16. Binding Effect. Client acknowledges and agrees that this Agreement will be binding upon Client's heirs, executors, administrators, and other legal representatives.
17. Assignment. Neither this Agreement, nor any rights or duties arising under it, may be assigned, delegated, or subcontracted by Client to another without Consultant's prior written consent. Client acknowledges and agrees that Consultant may freely assign this Agreement.
18. Severability. Client agrees that, should any provisions of this Agreement be determined by a court of competent jurisdiction to violate or contravene any applicable law or policy, such provision will be severed and modified to the extent necessary to comply with the applicable law or policy, and such modified provision and the remainder of the provisions hereof will continue in full force and effect.
19. Captions. The captions and headings used throughout this Agreement are for ease of reference only, and do not expand, limit or in any way affect the meaning or interpretation of any provision.
20. Waiver. Client agrees that any delay or omission on the part of Consultant to exercise any right under this Agreement will not operate as a waiver of such right or any other right; and that a waiver of any right of Consultant hereunder on one occasion will not be construed as a bar to or waiver of any right on any future occasion.
21. Amendment. Except in regard to the Scope of Services, Service Fees, Management Fees and Onboarding Fees, Consultant retains the right to update this Agreement’s terms in its sole discretion at any time and with or without notice to Client.
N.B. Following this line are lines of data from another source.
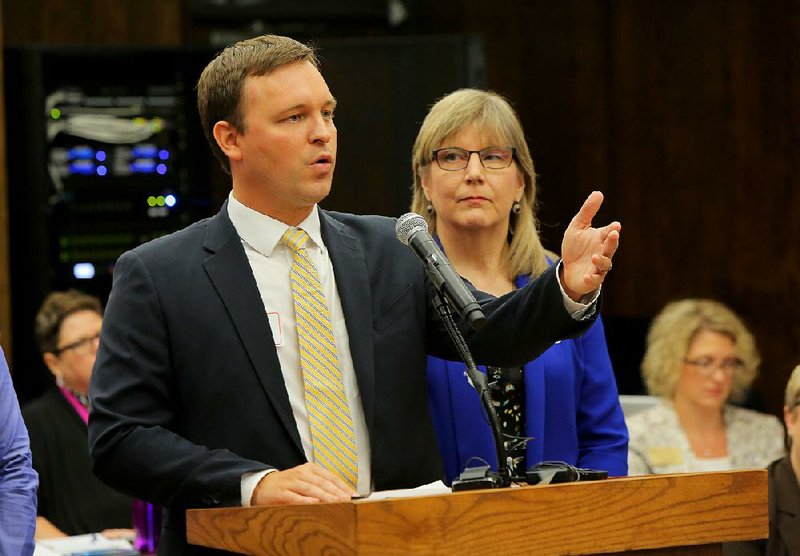 Kathy Smith, with the Walton Family Foundation, stands with Jared Henderson, managing director of Forward Arkansas, as he addresses the state Board of Education about the Forward Arkansas initiative Thursday in Little Rock. 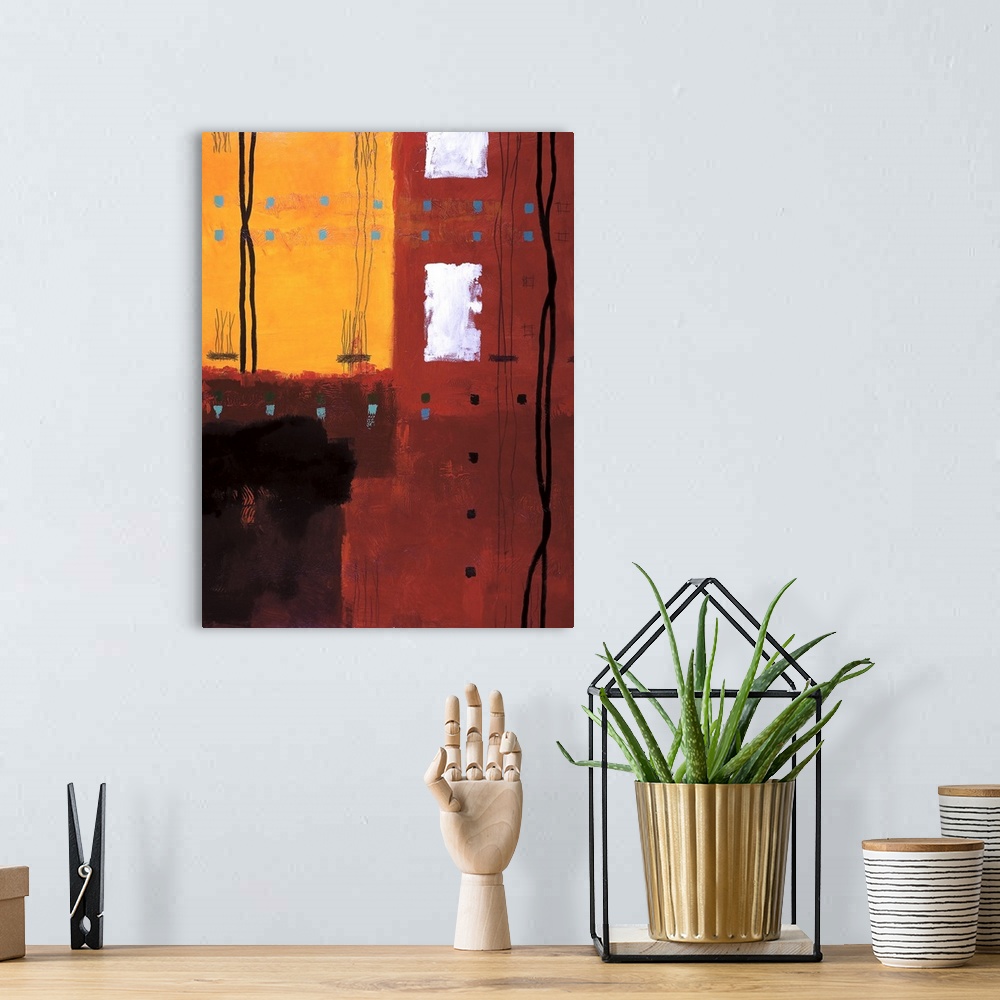 A bohemian room featuring Vertical abstract of red and yellow with small boxes in horizontal rows and croaked vertical line...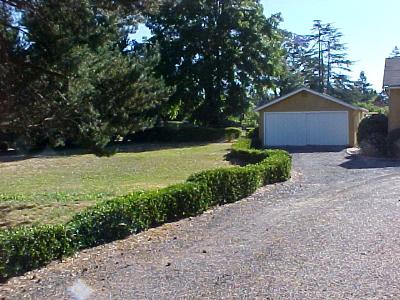 615 Ragle Road Sebastopol, CA 95472 - Photo 4 of 8 a backyard of a house with lots of green space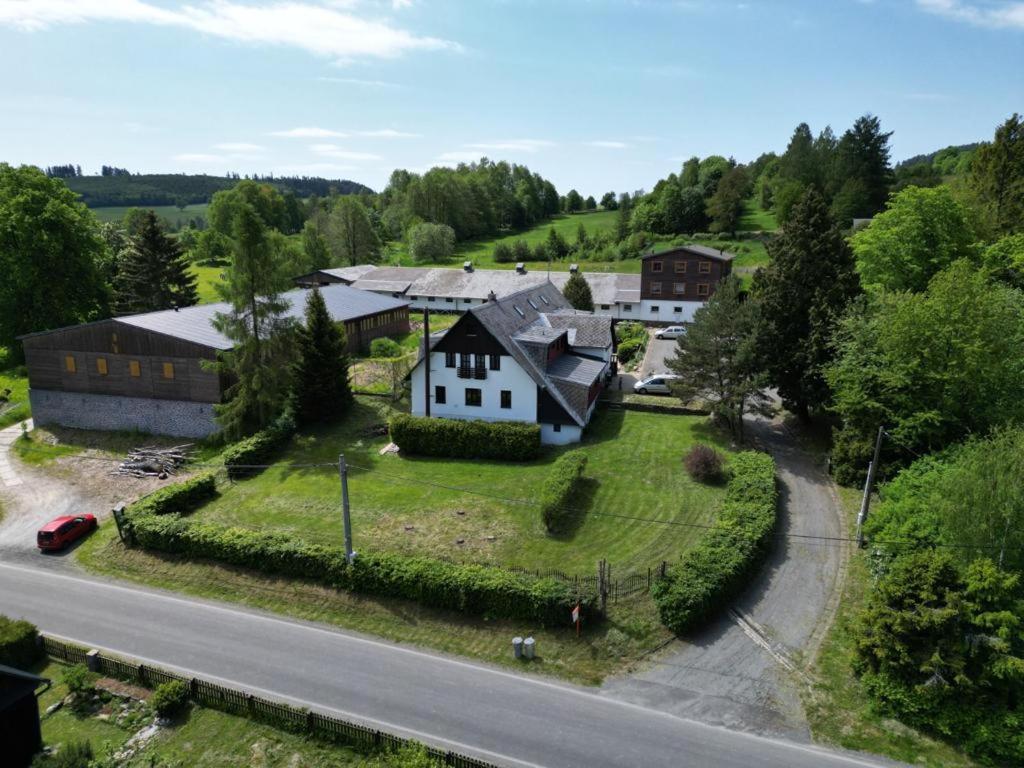 an aerial view of a house and a road at Hamříkova stáj in Dolní Moravice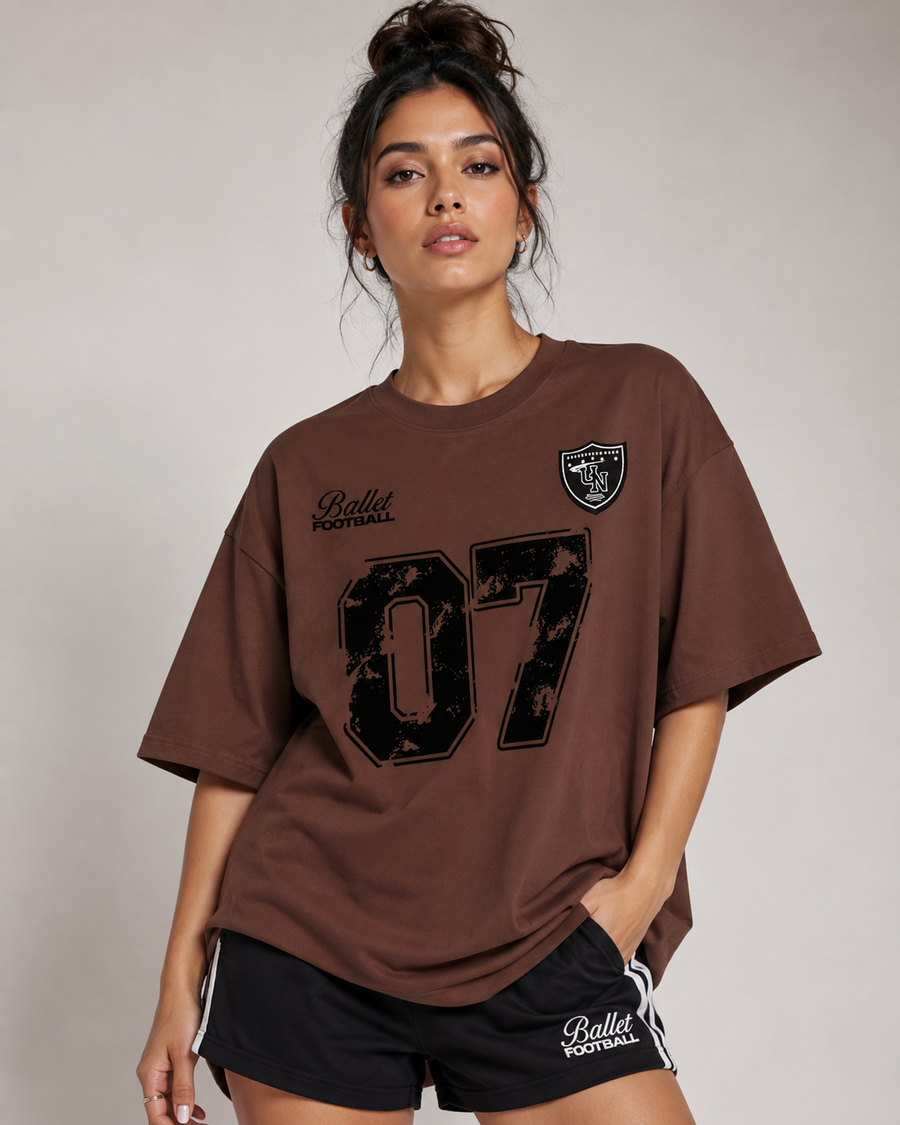 Woman wearing the Queenly Varsity 07 oversized brown graphic T-shirt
Any changes to the Scope of Services, Service Fees, Management Fees and Onboarding Fees shall require a written instrument setting forth such changes signed by both parties.
22. Governing Law, Jurisdiction and Venue. The parties agree this Agreement shall be governed by and construed in accordance with the laws of the State of Pennsylvania without regard to its conflict of law provisions. The parties further agree to be subject to the personal and subject matter jurisdiction and venue of the federal and state courts for the State of Pennsylvania.
23. Notice. All notices and other communications required or permitted to be given under this Agreement shall be in writing and shall be considered properly given and effective upon receipt when: (a) deposited in the postal mail, certified, postage prepaid; (b) delivered in person; (c) sent by overnight delivery by a nationally recognized express transportation company; (d) sent by facsimile with a transmission confirmation; or (e) sent by electronic mail with a delivery confirmation; and addressed to the appropriate party, unless by such notice different contact information shall have been designated.
24. Multiple Counterparts. This Agreement may be executed in several counterparts, all of which taken together shall constitute one single Agreement between the parties. The parties also agree that execution of this Agreement by facsimile or e-signatures shall be valid and binding and considered the same as original signatures.
By signing this Agreement, you, the Client, state that you have read this Agreement. Your signature, electronic or otherwise, forms a binding enforceable contract, and you expressly agree to be bound by this Agreement’s terms.